◆ Exercise ◆
Output only the lines below from the one holding "Foto del TOYOTA Auris hybrid Active" down to the one holding "Maison à GRISY-LES-PLATRES", both end lines included and every picture dropped.
(Data for this task Opens)
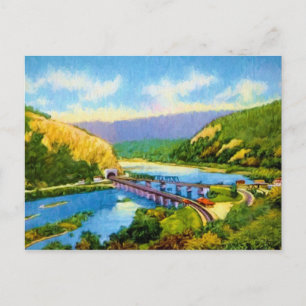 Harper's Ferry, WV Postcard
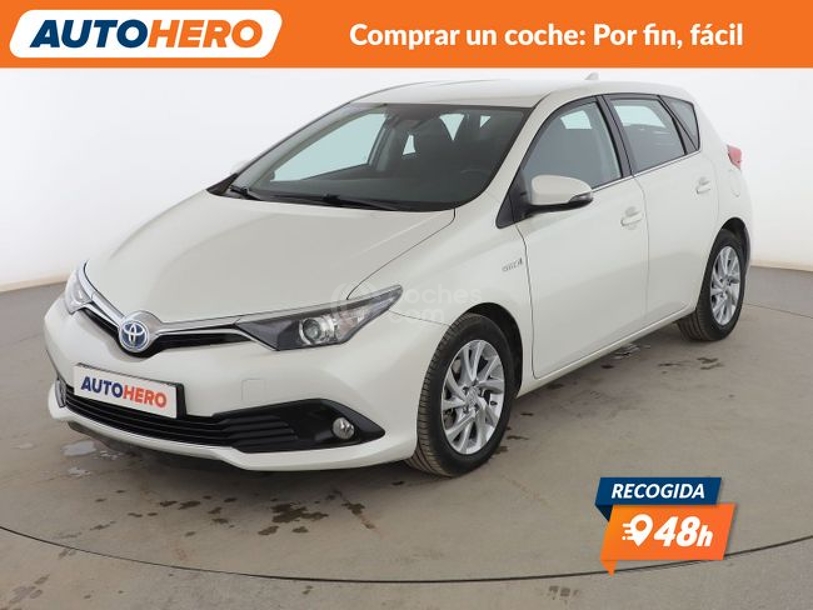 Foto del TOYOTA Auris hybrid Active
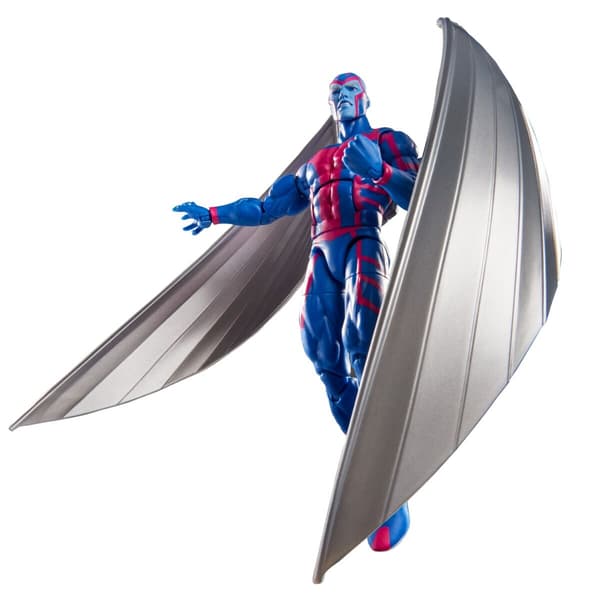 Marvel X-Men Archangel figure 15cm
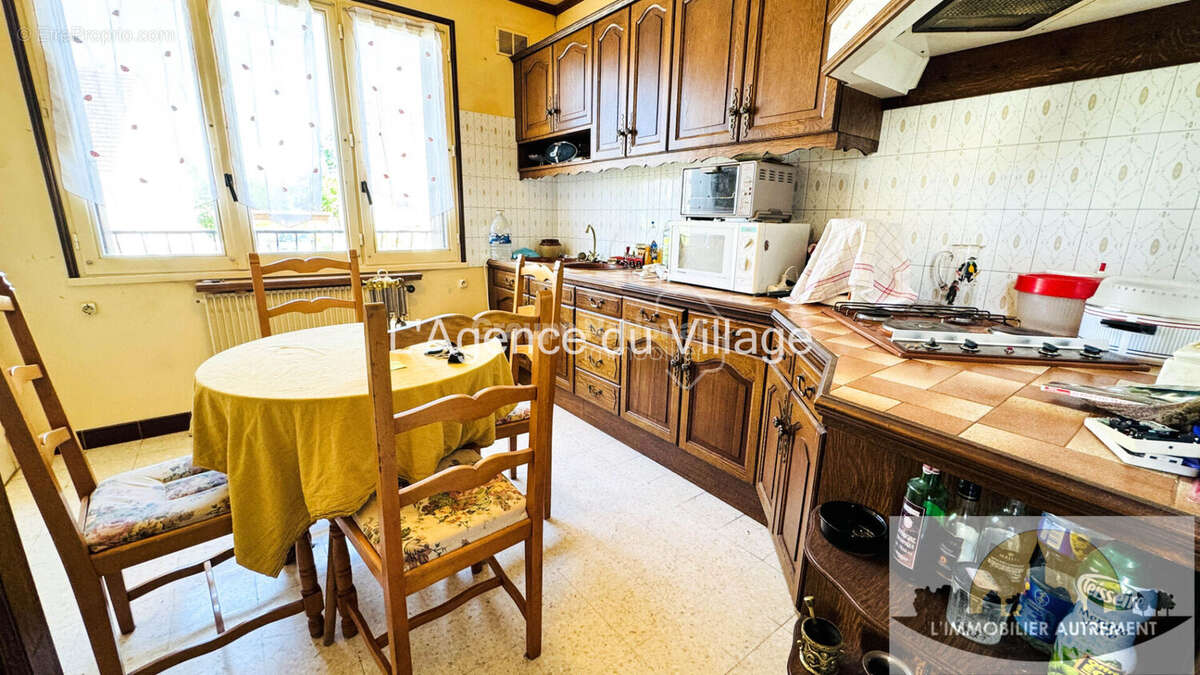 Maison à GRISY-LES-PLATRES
(Data for this task Closes)
(Data for this task Opens)
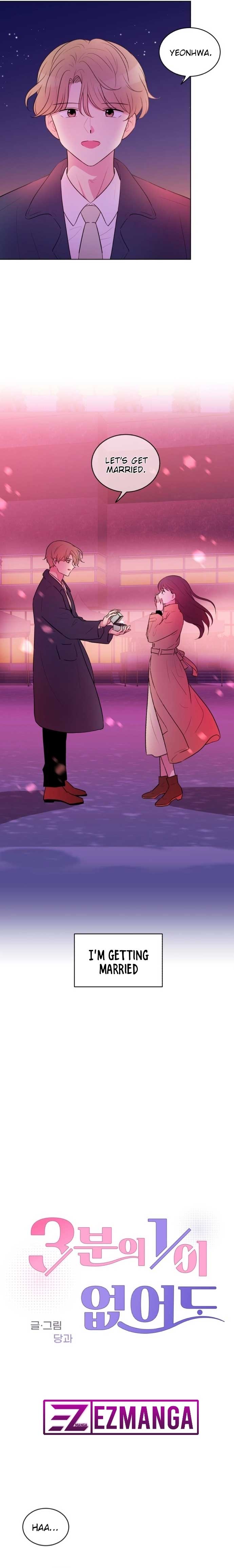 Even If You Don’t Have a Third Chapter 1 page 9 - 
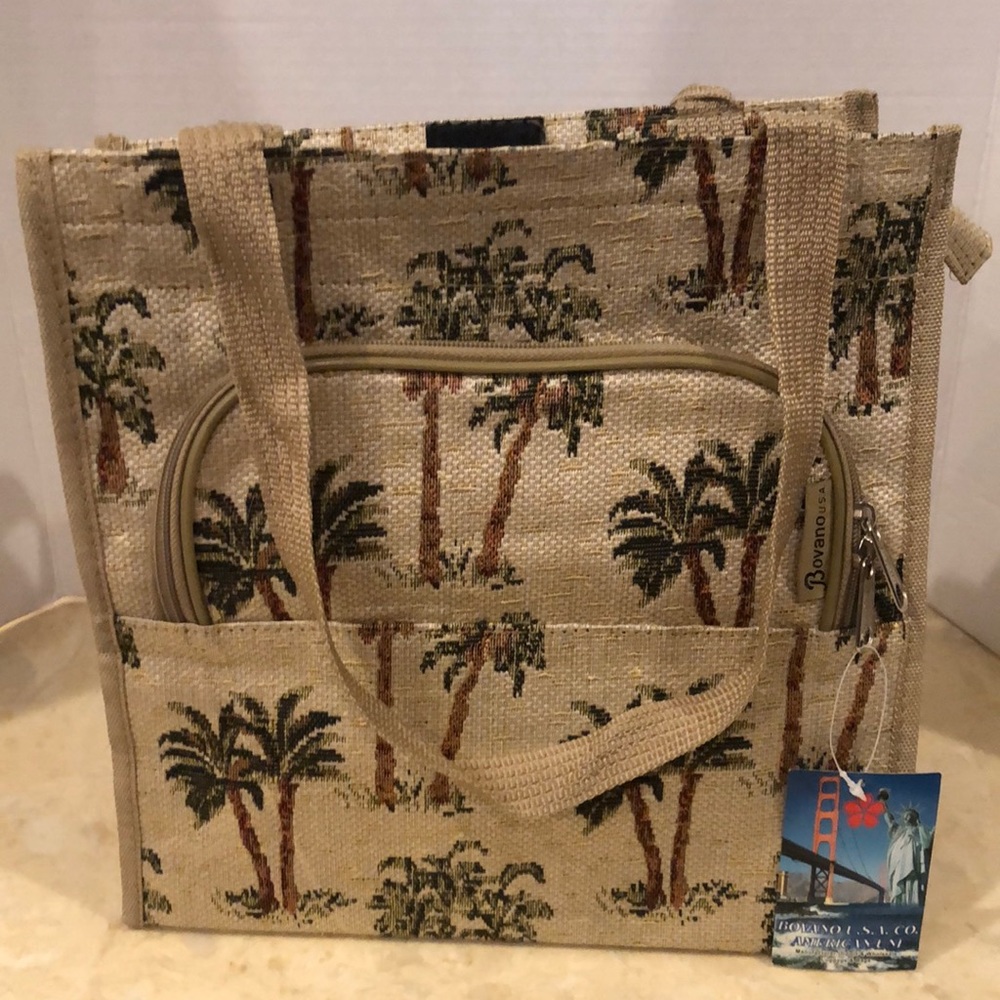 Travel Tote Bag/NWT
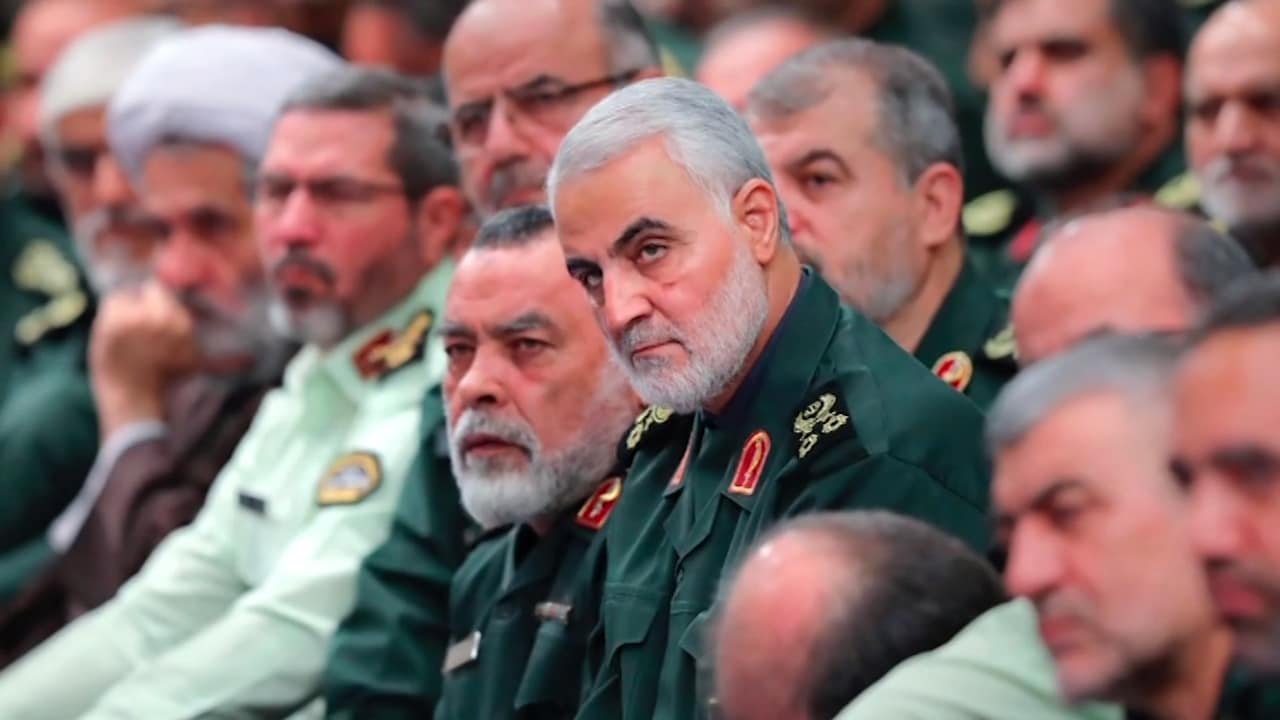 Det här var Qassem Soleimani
(Data for this task Closes)
◆ Solution for this problem ◆
 Foto del TOYOTA Auris hybrid Active
 Marvel X-Men Archangel figure 15cm
 Maison à GRISY-LES-PLATRES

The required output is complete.